Running Windows 8.1 provides a stable ecosystem for all kinds of programs and games. You won’t have any difficulty finding programs to do the things you’ll want to do with the Y70.
The integrated JBL speakers honestly sound quite good. For most games I kept the volume at around 40 and that was sufficient for my needs. The subwoofer isn’t going to rattle any windows of course, but it does provide an extra bit of oomph. Music and videos sound good too, though for anything much louder than personal use you may want external speakers.
I’m not going to lie, the vast majority of my testing was on games. I think that we can assume based on the performance that I’ll get into in a second that most other programs you’d want to run shouldn’t have any issues on the Y70. As for gaming performance, I was very impressed.
I loaded up Far Cry 3, which you may remember had a few issues on the last Lenovo that I reviewed, and it ran without a hitch on top settings. Granted, FC3 is a few years old, but it’s still a fairly system intensive program, which the Y70 handled with ease. Saints Row: Gat out of Hell is a newer game also needing decent specs, and it too ran without issue. The only game that I threw at the Y70 that had issues was the Early Access Carmageddon re-make, though that game occasionally has issues on my gaming PC so it’s likely an issue with the game rather than the Y70.

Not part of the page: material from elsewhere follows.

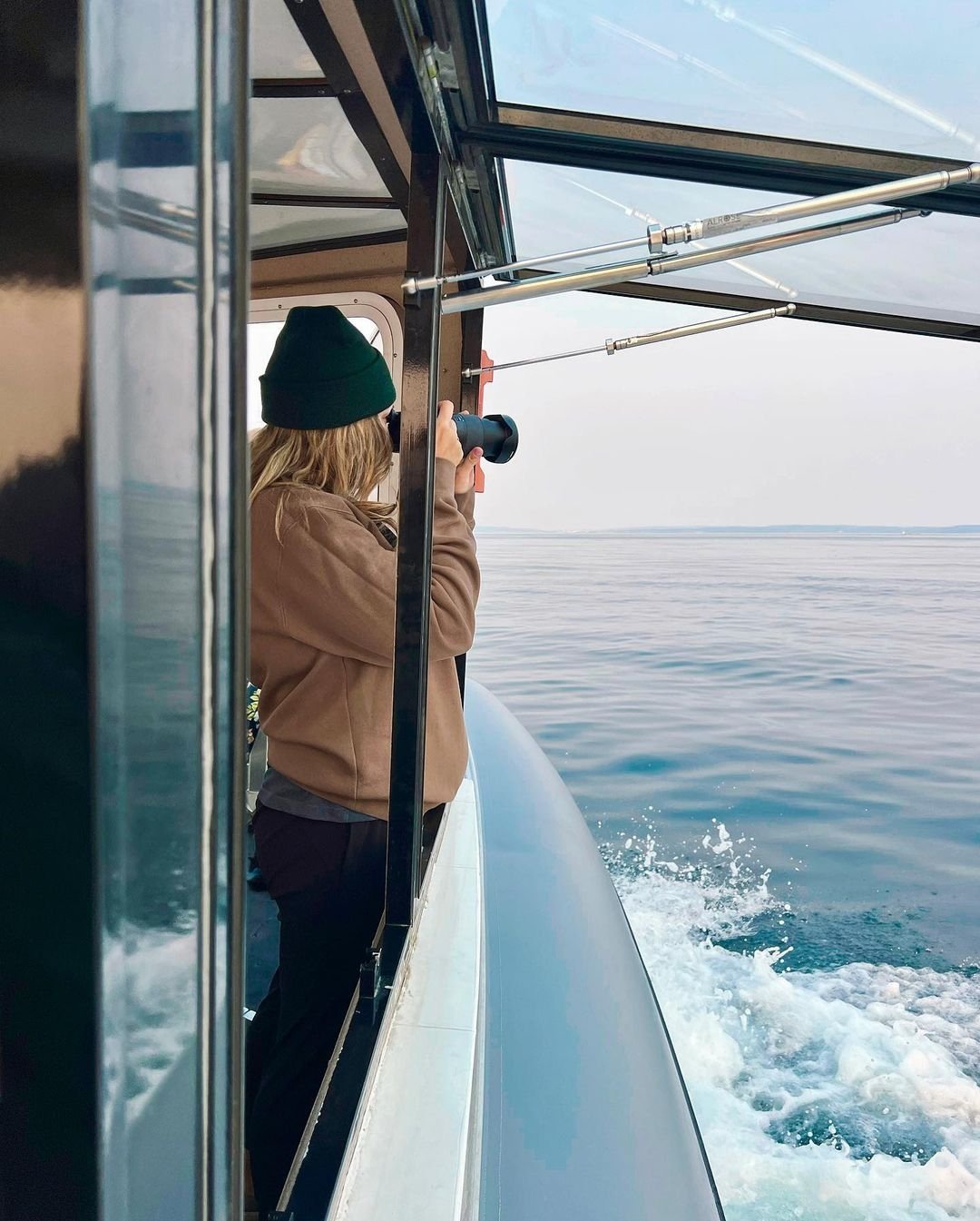 Person with blonde hair, wearing a green beanie and brown jacket, taking photos with a camera on a boat.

As with most all laptops, performance takes a dip if you unplug the machine, which is to be expected. Lenovo claims four hours of battery life on the Y70, and I was able to get around three and a half, so it was pretty close. You’ll really want to keep it plugged in though so that the power saver modes don’t kick in and tone down performance. Oddly however, the power manager will occasionally scold you if you keep it plugged in all of the time. You’ll really want to keep the Y70 on your desk anyway, because as I mentioned earlier it’s definitely big and heavy.
There’s an integrated webcam, it works. There’s a small flash, but it really is best suited for lighted areas. Video chats work as they should, and that’s really the main thing you’d use an integrated webcam for anyway.

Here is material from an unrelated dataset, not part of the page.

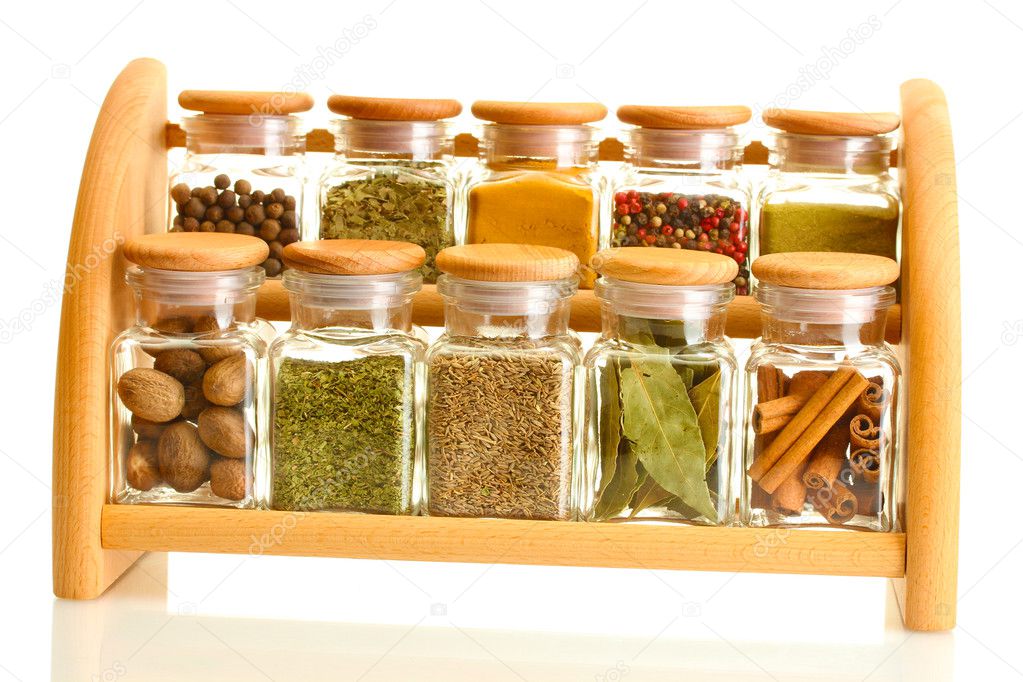 Powder spices in glass jars on wooden shelf isolated on white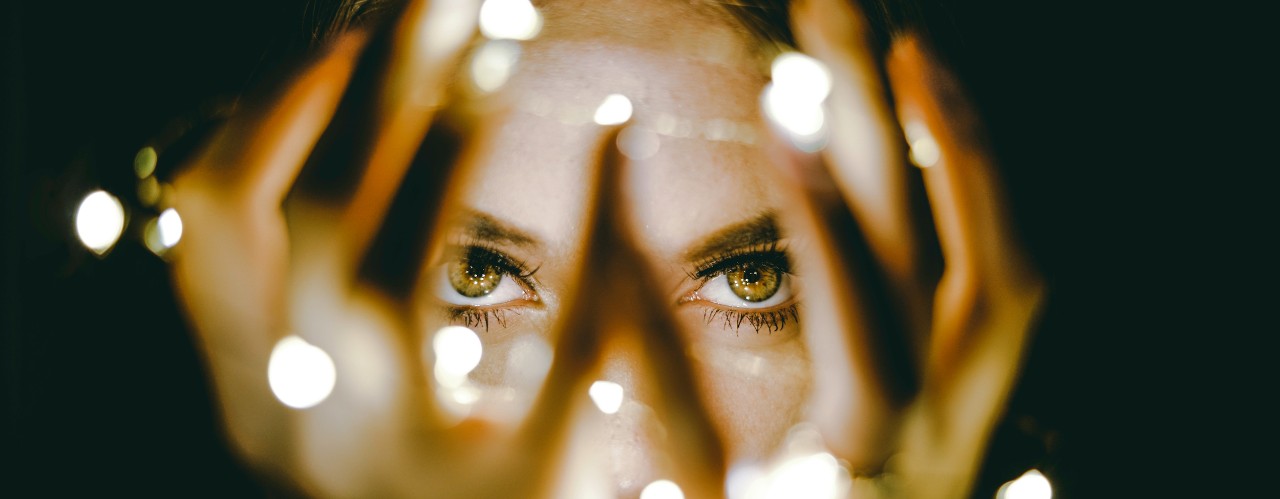 A woman's hands and eye look through a string of electric lights.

I mentioned above that the given stats for the Lenovo Y70 show four hours of battery life. I was able to get about three and a half with somewhat rigorous usage. This really isn’t the sort of laptop that you’ll use away from A/C for very long anyway, so four hours should be enough when necessary.
The Lenovo Y70 comes with an external DVD/RW drive, which is a nice extra. Most software can be downloaded these days, but if you’ve got software on disk, or prefer to backup files to DVD, the option is available right out of the box.

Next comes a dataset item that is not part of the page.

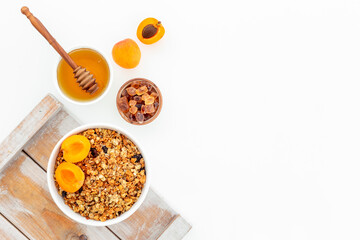 Bowl with oatmeal granola and ingredients - apricots and honey. Top view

The Lenovo Y70 is available starting at just under $1000. The model as reviewed comes in closer to $1200-$1500 depending on where you shop. Considering the internals, the Y70 is reasonably priced for a 17” gaming powerhouse laptop. Laptops with comparable specs generally run anywhere from $1500-$2000.
Gaming laptops might not be quite as prevalent as their business equivalents, but there are definite options available. The Lenovo Y70 is a strong entrant into the gaming laptop category. It comes in at a reasonable price and has the guts to handle most anything you’ll throw at it. I’ll often say that this machine or that machine won’t run CRYSIS at max settings, and the Y70 probably won’t either, but chances are good you could at least run the game. If you’re in the market for a gaming laptop, be sure to check out the Lenovo Y70 Touch.
*We were sent a demo unit of the Lenovo Y70 for the purposes of this review.